-- What is expected --
Every line of the data should be written out exactly, with the pictures left out.

-- Scraped caption text data --

= = = = = = =

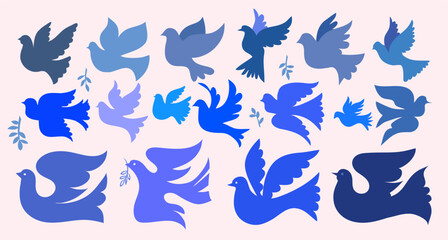 Dove of peace  template set icons Concept for poster, greeting card, book cover, banner world peace day postcard with dove, branch. Vector art hand drawn art illustration.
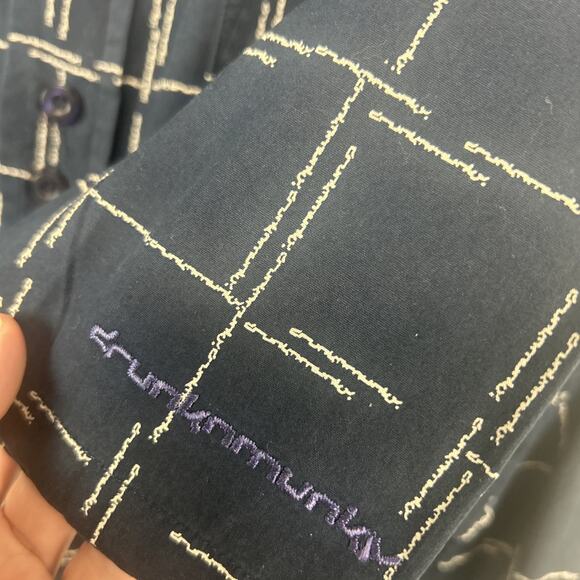 Drunknmunky Button Short Men's 2XL Short Sleeve Blue Plaid Shirt Logo Plaid - Picture 5 of 8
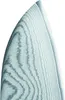 A close-up view of the tip of a knife blade with a wood-grain pattern. Náhled obrázku produktu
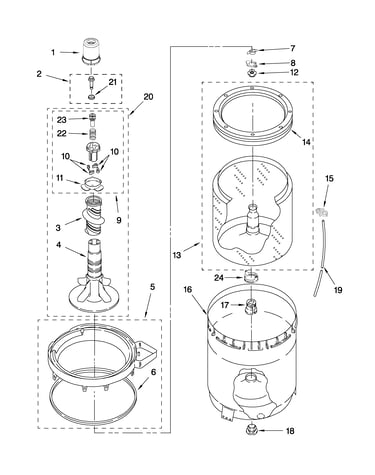 Agitator, basket and tub parts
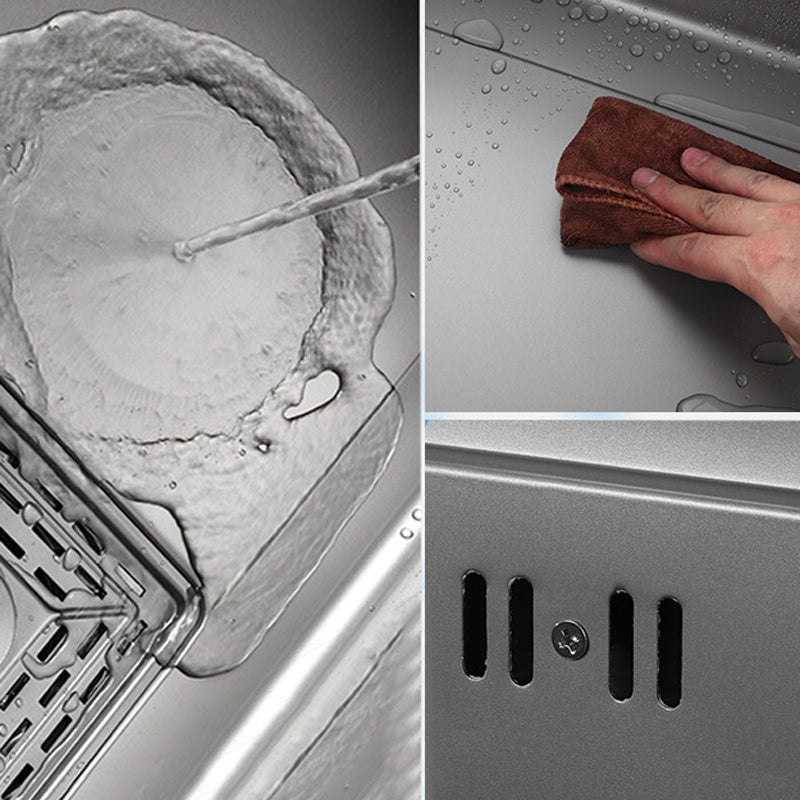 Modern Kitchen Sink Stainless Steel with Accessories and Faucet Top-Mount Workstation Sink Clearhalo 'Home Improvement' 'home_improvement' 'home_improvement_kitchen_sinks' 'Kitchen Remodel & Kitchen Fixtures' 'Kitchen Sinks & Faucet Components' 'Kitchen Sinks' 'kitchen_sinks' 6327801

= = = = = = =

-- Solution to the problem --
 Dove of peace  template set icons Concept for poster, greeting card, book cover, banner world peace day postcard with dove, branch. Vector art hand drawn art illustration.
 Drunknmunky Button Short Men's 2XL Short Sleeve Blue Plaid Shirt Logo Plaid - Picture 5 of 8
 A close-up view of the tip of a knife blade with a wood-grain pattern. Náhled obrázku produktu
 Agitator, basket and tub parts
 Modern Kitchen Sink Stainless Steel with Accessories and Faucet Top-Mount Workstation Sink Clearhalo 'Home Improvement' 'home_improvement' 'home_improvement_kitchen_sinks' 'Kitchen Remodel & Kitchen Fixtures' 'Kitchen Sinks & Faucet Components' 'Kitchen Sinks' 'kitchen_sinks' 6327801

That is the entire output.